Key Laboratory of Symbol Computation and Knowledge Engineering of the Ministry of Education, College of Computer Science and Technology, Jilin University, Changchun 130012, China ; College of Chemistry, Jilin University, Changchun 130012, China.
Biomed Res Int. 2013;2013:409062. doi: 10.1155/2013/409062. Epub 2013 Aug 29.

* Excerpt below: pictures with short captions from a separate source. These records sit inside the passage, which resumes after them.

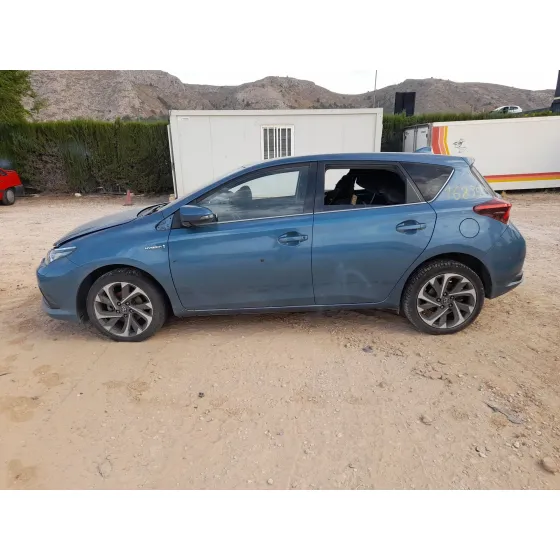 Toyota AURIS (_E18_) 2012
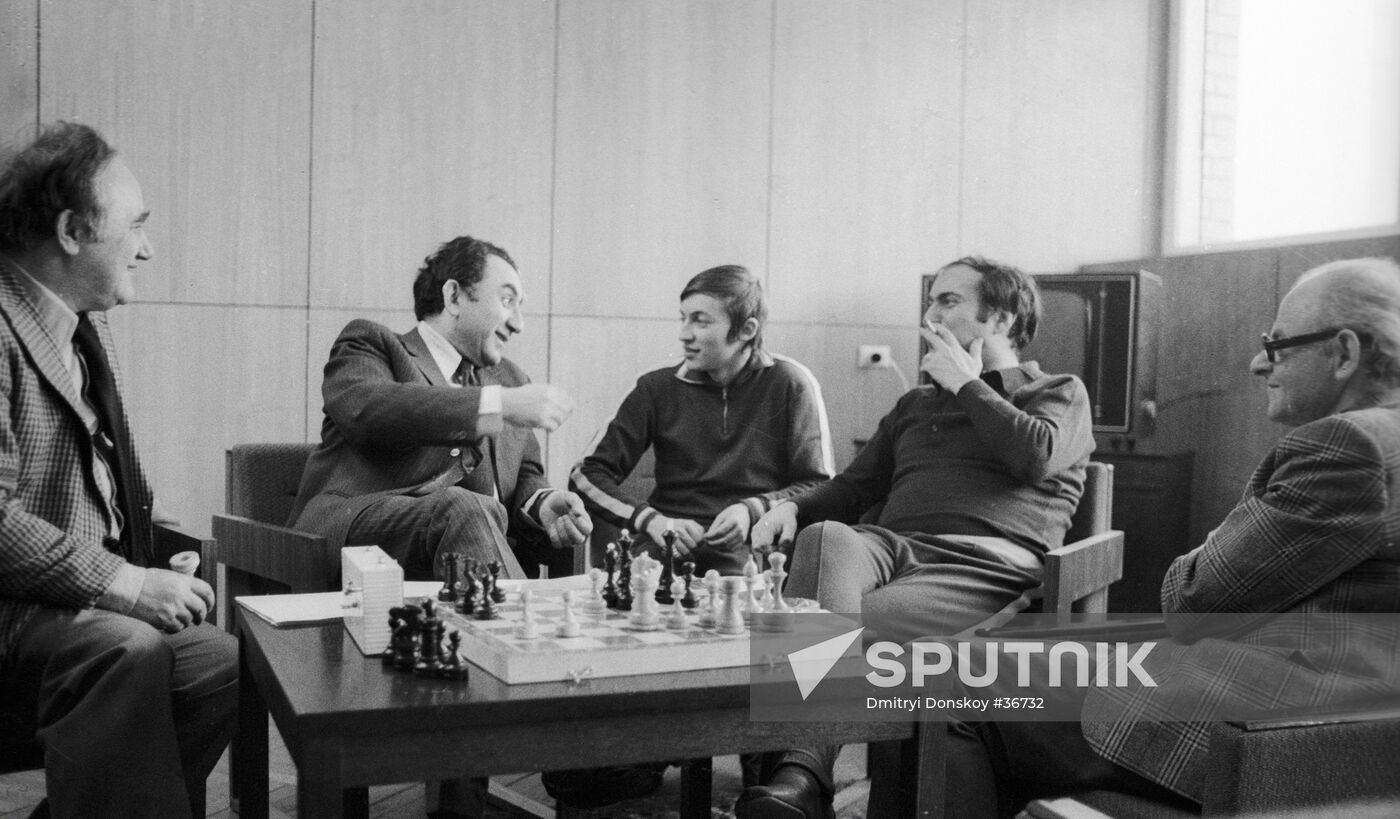 World chess champion Anatoly Karpov right and his coach Semyon Furman Stock  Photo - Alamy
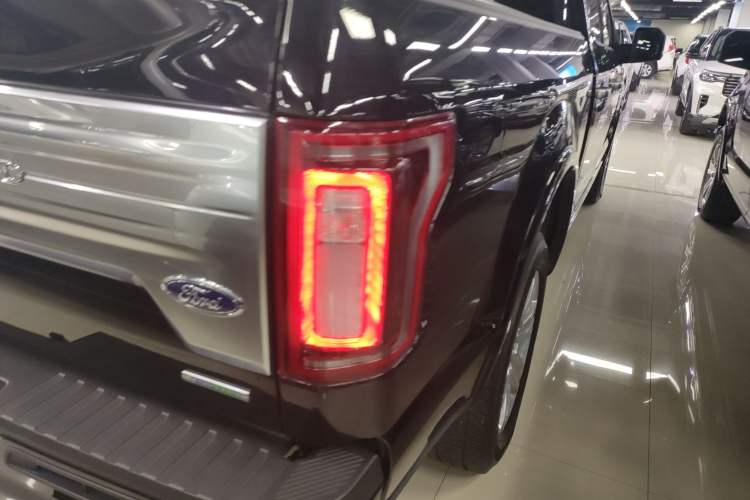 Used Ford F-150 Raptor 2019 3.5T LTD Right Rear Taillight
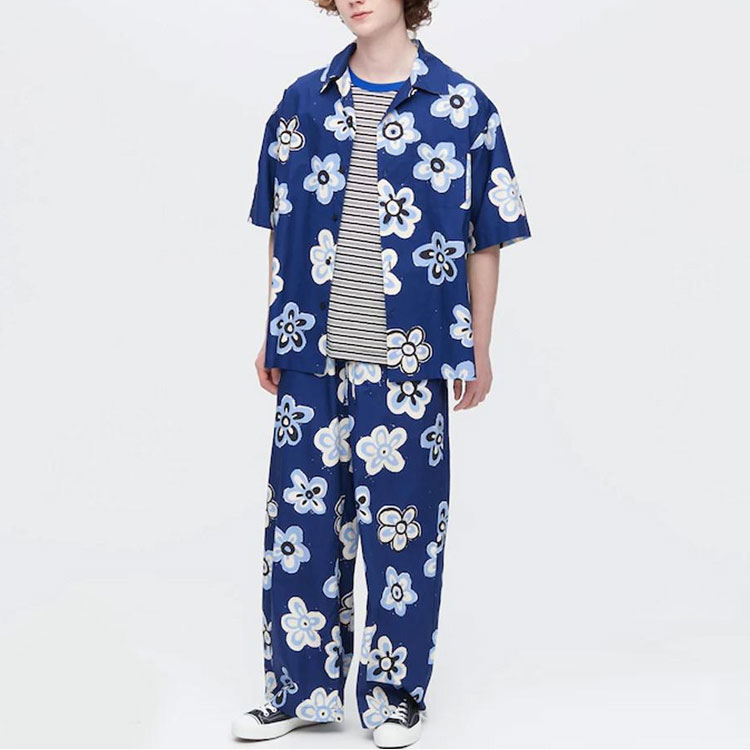 Shop 优衣库 x MARNI 深蓝色花卉印花短袖衬衫。 449637-68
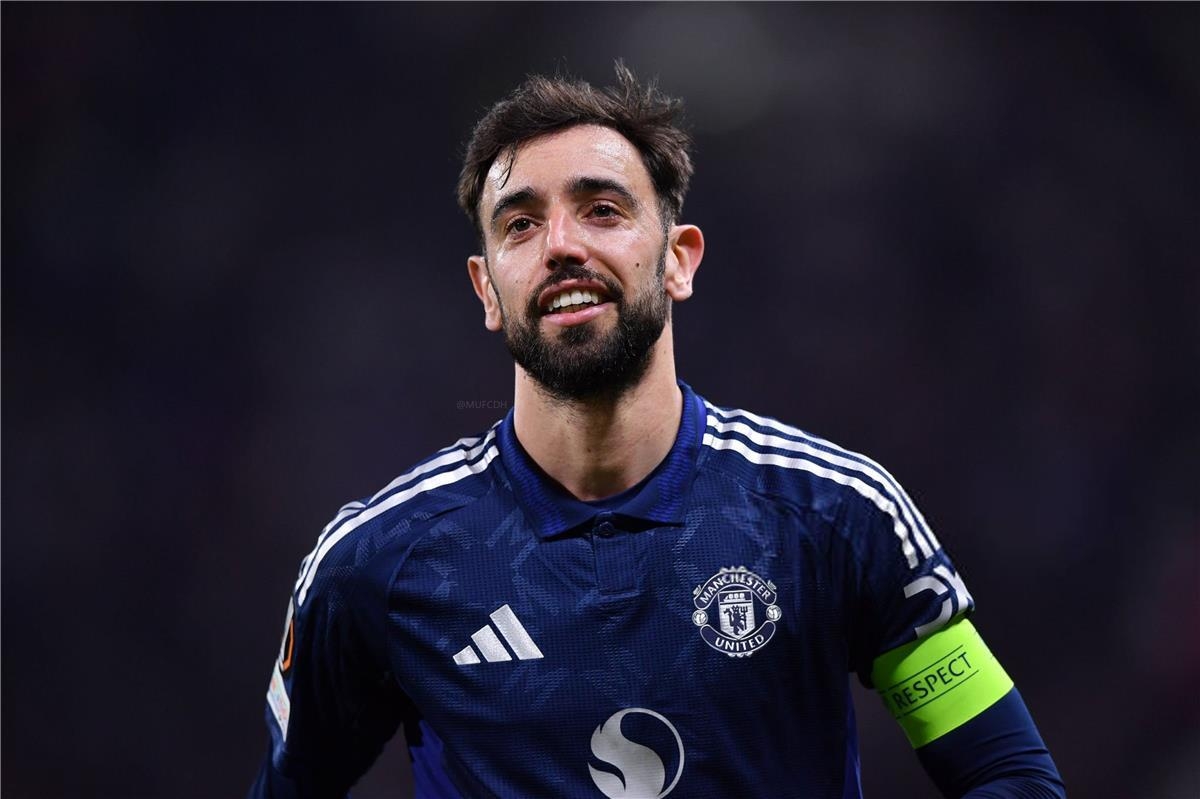 ديلي ميل: عرض خيالي من الهلال لـ برونو فيرنانديز قبل كأس العالم للأندية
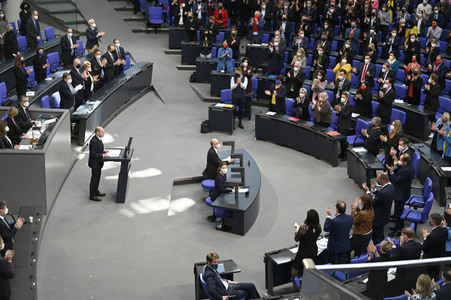 Sondersitzung des Deutschen Bundestages in Berlin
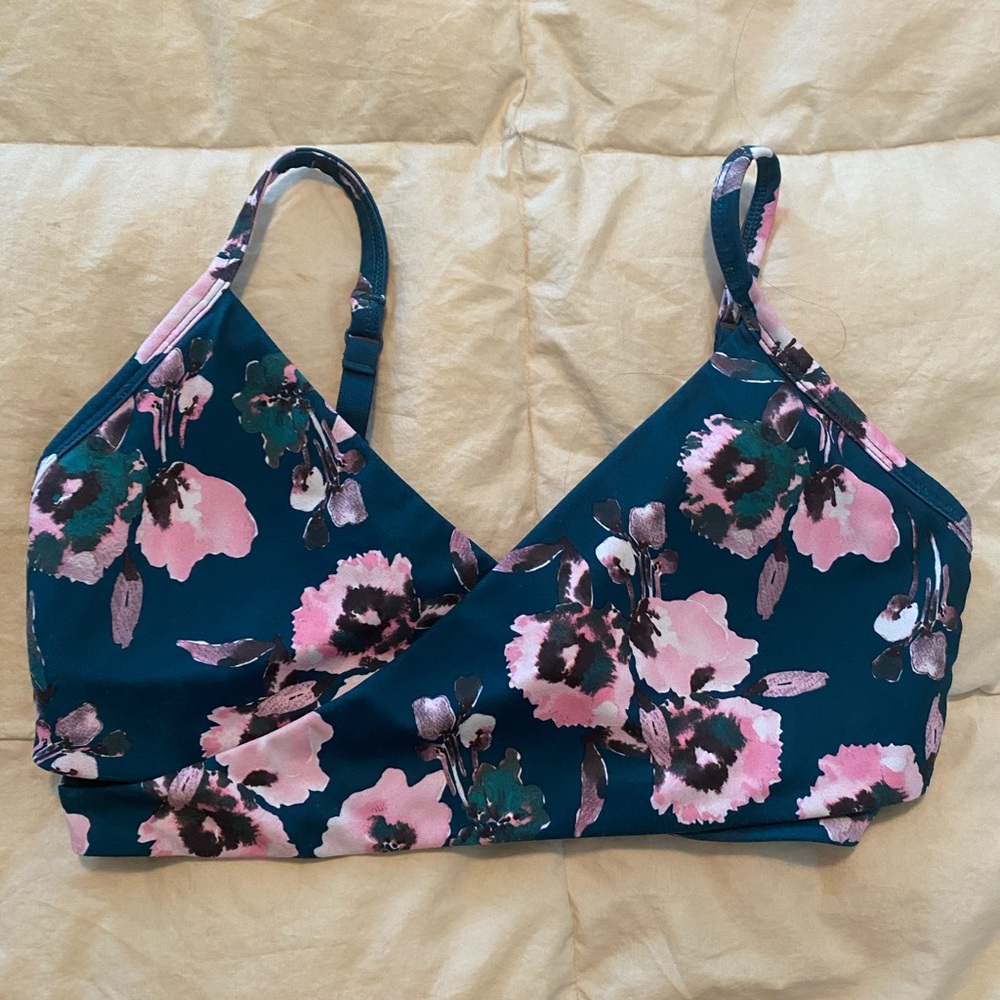 Fabletics floral sports bra size small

Phylogenetic trees are used to represent the evolutionary relationship among various groups of species. In this paper, a novel method for inferring prokaryotic phylogenies using multiple genomic information is proposed. The method is called CGCPhy and based on the distance matrix of orthologous gene clusters between whole-genome pairs. CGCPhy comprises four main steps. First, orthologous genes are determined by sequence similarity, genomic function, and genomic structure information. Second, genes involving potential HGT events are eliminated, since such genes are considered to be the highly conserved genes across different species and the genes located on fragments with abnormal genome barcode. Third, we calculate the distance of the orthologous gene clusters between each genome pair in terms of the number of orthologous genes in conserved clusters. Finally, the neighbor-joining method is employed to construct phylogenetic trees across different species. CGCPhy has been examined on different datasets from 617 complete single-chromosome prokaryotic genomes and achieved applicative accuracies on different species sets in agreement with Bergey's taxonomy in quartet topologies. Simulation results show that CGCPhy achieves high average accuracy and has a low standard deviation on different datasets, so it has an applicative potential for phylogenetic analysis.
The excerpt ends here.